Dicen que las penas con fútbol son menos, porque el fútbol, llevado a su última expresión de forofismo, se convierte en una desmesurada religión del punterazo, y los hinchas, a los que nadie les ha prometido un cielo, quieren verlo multiplicado cada domingo en el éxtasis de los goles. Bajo esta lección de que cada uno elige su alegría -o su tristeza-, habrá que tener en cuenta cómo un penalti injusto o un gol anulado puede suponer un purgatorio hasta la próxima ventura o hasta la siguiente semana, porque lo importante y reparador del fútbol es que ofrece más oportunidades de salvación que cualquiera de la religiones monoteistas. 

Con ellas por guía, hacia el horizonte de su premio, si uno se equivoca y la palma en pecado mortal ya no hay quien lo arregle, mientras que en esta laica y loca fe del balón la mancha de una mala goleada con una buena goleada a favor se quita. Hay que pedir, pues, deportividad, y no echar en saco roto aquello que, por entre una selva de patadas y codazos, dijo elegantemente Luiz Pereira, aquel inolvidable central del Atlético de Madrid, una perla negra del balompié: «La gente se olvida de que esto es un juego». 

Pero también hay que pedir justicia, ecuanimidad y solvencia al sumo sacerdote que puede decidir en un instante de error, de obcecación, o de partidismo, que el hincha más curtido se deshinche y llegue a casa hecho un basilisco, se invente su propio infierno y se dé butifarras a sí mismo, al retal cómodo que le queda del fin de semana. Hay que pedirle todo eso, que es mucho, y por tanto, con la conciencia alertada de que tal petición se autodemanda un margen de tolerancia en la sabiduría de que los árbitros, aparte de los sumos sacerdotes del juego, son humanos y pueden equivocarse. 

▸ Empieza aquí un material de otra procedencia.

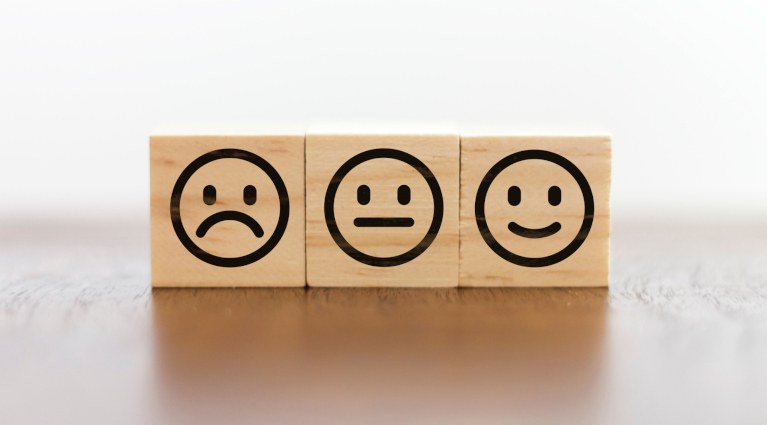 Foto com três cubos de madeiras com "carinhas" de triste, imparcial e feliz, representando a reputação de uma empresa perante seus clientes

Emilio Carlos Guruceta Muro, el dios aplaudido y denostado que vestía de negro y, según decían, tenía el alma blanca, acertó a comentar que también se equivocaban los jugadores. Y aunque semejante afirmación descartaba la prueba de sueldos millonarios que les desaconsejaba venderse, tenía su punto de razón, o quizás sería más acertado decir su motivo. Y, llegados aquí, ¿cuál es la diferencia entre una cosa y otra?. 

A lo mejor ustedes, como yo, lo tienen claro. Pero a lo mejor es más útil tener claro que el fútbol no debe convertirse, de un capricho aficionado, en una pasión militante. Por más que Oscar Wilde dijera que «un capricho se diferencia de una gran pasión en que el capricho dura toda la vida». Y, aún más: aunque a veces veamos como la traspasa. Las cenizas del bético, por ejemplo, que es posible que aplaudan, con palmas por sevillanas, desde el cielo del glorioso estadio Benito Villamarín.